Kindergarten through second grade at Bowie on May 7 topped off a nine-week study unit with a soapy showcase held for parents and then the next day for animals visiting from the Abilene Zoo.
“Today we had our STEM Bubble Project Showcase. Each classroom completed a STEM unit on bubble wands,” said Principal Janaye Wideman. “Their task was to explore bubble wands, their design, their purpose, how they make bubbles, what the best design is for the different kinds of bubbles you can make.”
STEM — the acronym for Science, Technology, Engineering and Science — was tied into this project for a purpose. More on that in a moment.
Bubble fans
Longtime readers will remember that soap bubble-making was my extracurricular activity for several years at the Children’s Art and Literacy Festival while I was focused solely on stories outside of Abilene.
Near and dear to me as it was, I eventually handed that task over to others when I started covering the Children’s Art and Literacy Festival in more recent years.
But I remember the exquisite joy in a child’s face when they saw those bubbles getting bigger by the moment. You could see the same joy in these Bowie students as the bubbles they created with their handmade wands took flight.
“So our students have spent nine weeks studying this. They’ve done a lesson a week, and throughout their exploration they have learned about all different structures, types of bubbles, shapes of bubbles,” Wideman said. “Each part of the process is just going through and thinking about, ‘What am I trying to accomplish?'”
On the heels of such a question, the student then asks how they accomplish it? That’s followed by then making a plan, executing it and then improving upon that.
Science!
Pretty heady stuff for a kindergartner or even a second-grader, but when a mind is focused, its abilities can be endless.
“So they had a lot of fun, they got to play with bubbles. But the ultimate goal was to build knowledge in the engineering design process,” Wideman said.
That’s important because big changes are on the horizon for Bowie, as well as Purcell Elementary School. In the fall, both will be designated STEM campuses at the elementary school level. On May 11, the Abilene ISD Board of Trustees voted unanimously to change the schools’ names to Bowie STEM Academy and Purcell STEM Academy.
“We will have a lot more activities like this, more exposure to STEM fields for our students, and they’ll have a lot more experiences tied to STEM,” Wideman said. “We’re really excited about that.”
Not the destination, but the journey
Perhaps you’re wondering about the real-world application in all of this. Quite simply, it’s not the product here that matters so much as the process that it took to make it.
The focus on designing something in which the students are highly motivated to work properly only ensures the lessons learned getting to that point stick. Wideman said those tools and their mindset can serve them in countless ways in the future.
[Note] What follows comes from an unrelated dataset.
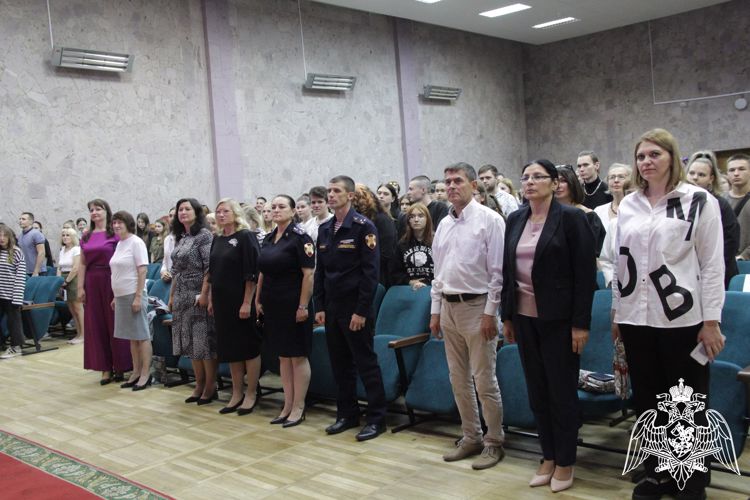 Лучшие студенты одного из университетов Белгорода отмечены именными стипендиями сотрудника ОМОН Героя России Вячеслава Воробьева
“They learned a lot about structure and how they can use that to engineer what their vision is, for their bubble wand,” Wideman explained.
The first order was a breakdown on what a wand is and what works best.
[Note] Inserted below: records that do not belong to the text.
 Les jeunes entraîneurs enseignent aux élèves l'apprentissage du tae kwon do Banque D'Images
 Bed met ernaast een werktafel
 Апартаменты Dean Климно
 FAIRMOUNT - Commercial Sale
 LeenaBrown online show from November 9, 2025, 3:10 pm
“When you look at the design of a bubble wand, you look at what kind of material are you using, how long is it, how wide is it, where you put the the bubble solution on,” she said. “They have to look at all of those pieces of it in order to know if it’s going to be a good, sturdy bubble wand.”
Life lessons taught early
Contrary to popular sentiment, failure is an option. But don’t call it a deterrent, it’s just part of the lesson.
“I think they enjoyed just learning how we use failure as a part of success,” Wideman said. “They might not have enjoyed that the whole way, but that was one lesson they learned they had to work through.”
Failure allowed for experimentation, which allowed for creativity, which then sometimes still resulted in a different kind of failure but not always. Their eventual triumphs were seen in every one of their faces.
“I hope they take away that failure is a part of our success, no matter what we’re doing, and I hope they take away that they can achieve hard things,” Wideman said. “That’s so applicable to every part of life.”